Day 3: Wednesday, April 6, 2022
| Title: Integration, Specialization and Approximation: the “ISA” of Post-Moore Servers|
Speaker: Babak Falsafi (EcoCloud, EPFL)
Datacenters are growing at unprecedented speeds building a foundation for global IT services, cost-effective containerized apps and novel paradigms including microservices and serverless computing. At the same time, we are entering a new era in computing where scalability no longer comes from higher density in silicon fabrication processes. Now, more than ever server designers are in search of new avenues to bridge the gap between higher demands for scalability and the diminishing returns in server density. In this talk, I will go over the basic anatomy of system hardware and software in a modern server blade which is primarily derived from the CPU-centric desktop PC of the 80s. I will then present opportunities for a clean slate design of servers based on integration, specialization and approximation as three pillars to enable server scalability in the post-Moore era.

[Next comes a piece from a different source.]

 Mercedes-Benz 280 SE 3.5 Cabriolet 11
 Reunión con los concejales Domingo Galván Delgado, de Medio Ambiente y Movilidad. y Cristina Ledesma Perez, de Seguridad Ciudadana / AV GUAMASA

Babak is a Professor and the founding director of EcoCloud at EPFL. His contributions to computer systems include the first NUMA multiprocessors built by Sun Microsystems (WildFire/WildCat), memory streaming integrated in IBM BlueGene (temporal) and ARM cores (spatial), and performance evaluation methodologies in use by AMD, HP and Google PerfKit. He has shown that memory consistency models are neither necessary nor sufficient to achieve high performance in servers. These results led to fence speculation in modern CPUs. His work on workload-optimized server processors laid the foundation for the first generation of Cavium ARM server CPUs, ThunderX. He is a recipient of an Alfred P. Sloan Research Fellowship, and a fellow of ACM and IEEE.